Robbing The Working Class - And Response (2)

  • Wednesday, February 12, 2014

Mayor Berke is robbing the working class of their earned pension.  Sadly, I just read that the actuary study concluded that the city of Chattanooga will save a lot more than estimated or needed at about $5.1 million at the expense of the working class.  If the savings is more, reduce the cuts to the pension.

To suggest that Mayor Berke is just helping preserve a workable defined benefit pension is pure hogwash.  The only desire of the Mayor’s office is to free bond issue leverage for the usual developer friends to use our mandated tax dollars as their working capital in Tax Incremental Financing (TIF) or corporate welfare incentives.

What is the rush to reduce the fire and police pension?  The rush is to position the city for more bond issues for a $7.5 million dollar parking garage, developers, and TIF for developers that live off of corporate welfare.  All funded on the backs of the working class that are fully vested in a pension promise.

Mayor Berke is not helping anyone, but a group of Chamber of Commerce elites at the expense of the working class.  Are we sure Andy is a Democrat?  Of course not - it is an attempt to appear center for the future race by design.

April Eidson

aprile@comcast.net

* * *

“What is the rush to reduce the fire and police pension?“

Is it for bond issue positioning for a city that is already AAA bond rated in a county that is already AAA bond rating?  Perhaps.

…Or perhaps it’s the fact that this pension has a market value of 51.8% and falling daily?

Because of all 31 private government pensions in the state of Tennessee, Chattanooga’s Fire and Police Pension is rated next to last in funding status, despite the fact that Chattanooga is actually only one of 10 of these cities to fund more than they are actually required to of their Annual Required Contribution (Daniel Connolly, “The Commercial Appeal”, 03-Feb-2014) despite a flow of misinformation to the contrary that would compete with the Tennessee River itself?

Or that while we are at a 51.8% market value, the State of Tennessee is proposing legislation that would force this same pension to cede control and cease all COLA benefits because of its funding status being below 60% (TN Senate Bill 2079, p. 3)?  (That’s a 0% COLA and loss of governance without a referendum OR negotiation, by the way.)
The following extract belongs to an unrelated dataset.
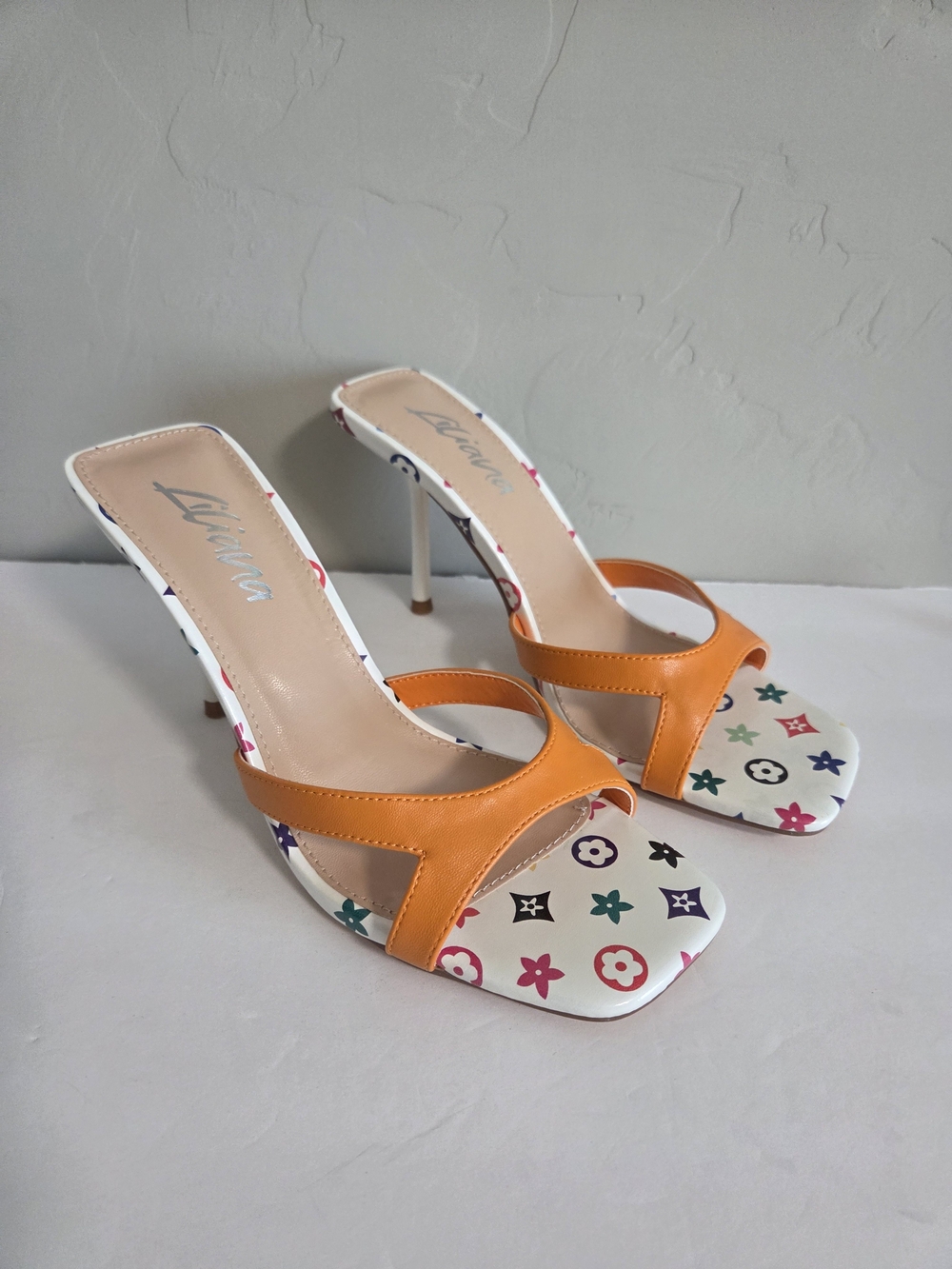 Liliana Orange Monogram Print Kitten Heel Mule Sandals Size 5.5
51.8% funding status: It’s a cold hard truth and one I’ve noticed you and every other detractor has conveniently avoided to date. It’s not a bond issue, and it wasn't caused by a lack of pension caps. This pension is facing complete failure and the only ways of fixing it (and therefore our future – yours included) are bloody and painful to all employees, past and present, and to say that instead of a math issue this is part of a mass conspiracy apparently involving the active and retired police officers and firefighters and a group of incredibly dedicated community volunteers that are actively trying to come up with a solution to fix it is the height of lunacy, and those of us living in the world of cold hard facts are just about at the end of our ropes on the subject.

…Or it’s a bond conspiracy, I could be wrong.
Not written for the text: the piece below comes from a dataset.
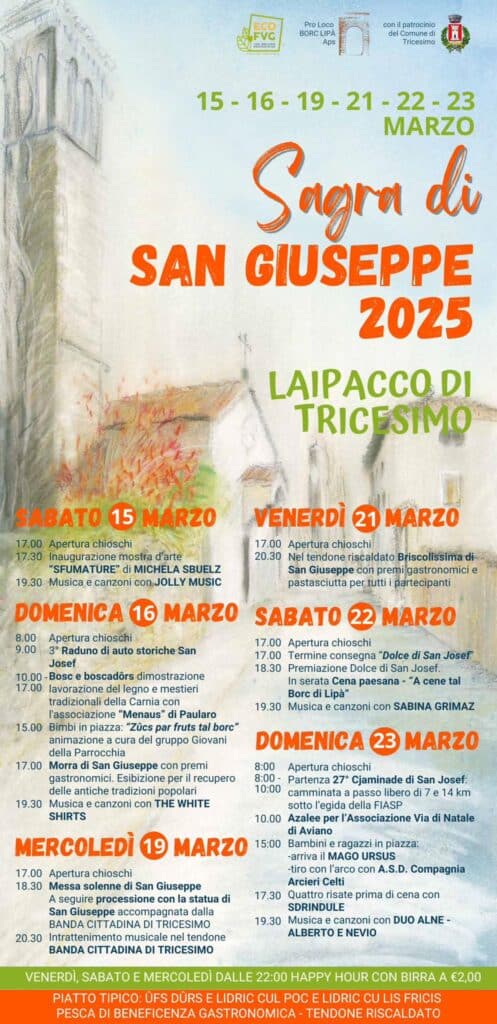 Sagra di San Giuseppe 2025 a Laipacco di Tricesimo (UD): ecco il programma completo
Either way, I don’t mind this being hijacked as a political vehicle for agenda’s on either side of the aisle, so long as it’s fixed…and fixed by its members, not the Tennessee Legislature as others were about to inadvertently insist.

Mine is a career of tough decisions.  To those that served on this Task Force? I appreciate you for doing the same and my family will continue to thank you long after I have passed, and this pension survives as a direct result.

51.8%:  No one has "rolled over".  They just did the math and made the tough choices and not liking the answer has nothing to do with it.

Craig W. Joel 

* * * 

The opinion entitled “Robbing the Working Class” regarding the Fire and Police Pension Fund reform omits several key points.  I had the privilege to serve alongside the police and fire members on the task force as a community volunteer the last six months and came away with an even greater appreciation for the jobs they do.  Hats off to the active and retired workers who agreed to serve on the task force in a very difficult role.  They were in a thankless position but they acknowledged the issue and made the tough calls to put the pension on a sustainable footing for officers 25 years down the road.    At only a 51.8 percent funded ratio when the task force began meeting, it was not on a sustainable footing before the latest proposed changes.     

Mayor Berke’s fortitude in addressing pension reform was not part of a larger black helicopter plan.  If the fund had stayed on its same trajectory it would not have been too far behind Detroit in terms of insolvency.  Dealing with the issue after it had been kicked down the road for several years before Mayor Berke’s time was the responsible thing to do.  Personalizing the issue against the mayor is misdirected.  He inherited the pension fund issue.  He did not create it.  The pensions funded ratio ranked 30th out of 31 among Tennessee non-TCR funds.  In 1999 the funded ratio was 109.9 percent.  It was over-funded and the city’s contribution as a percentage of payroll was 11 percent.  By 2013 the city was contributing 35.9 percent of payroll yet the funded ratio had declined to 51.8 percent despite the city having overfunded its required contribution during that time.  Even if the writer was correct that the city is reducing its contribution by $5.1 million, it is still paying in excess of 250 percent more now than it did in 1999. No one’s checks will be reduced.  Widows and those killed in the line of duty will see increases.  A COLA and the DROP remain in place contrary to many peer cities.    

Had the task force not reached a consensus, the issue would have gone to a referendum where voters could choose between a tax increase benefiting a select few versus unilaterally-imposed cuts to the pension benefits to restore the fund to healthy status.  Everyone knows how Hamilton County’s majority feels about tax increases.  Conventional wisdom was that the referendum cuts would have been worse than the choices arrived at through careful, collaborative discussions over many months.  

Rather than look for negatives in what was a difficult exercise, kudos once again to the police and fire representatives who made demanding choices under tight financial constraints, none of which any of the parties involved created.     

On a lighter note, as a lifelong observer of politics, I think it’s safe to say that the mayor’s Democrat credentials and bona fides remain unblemished and unquestionable.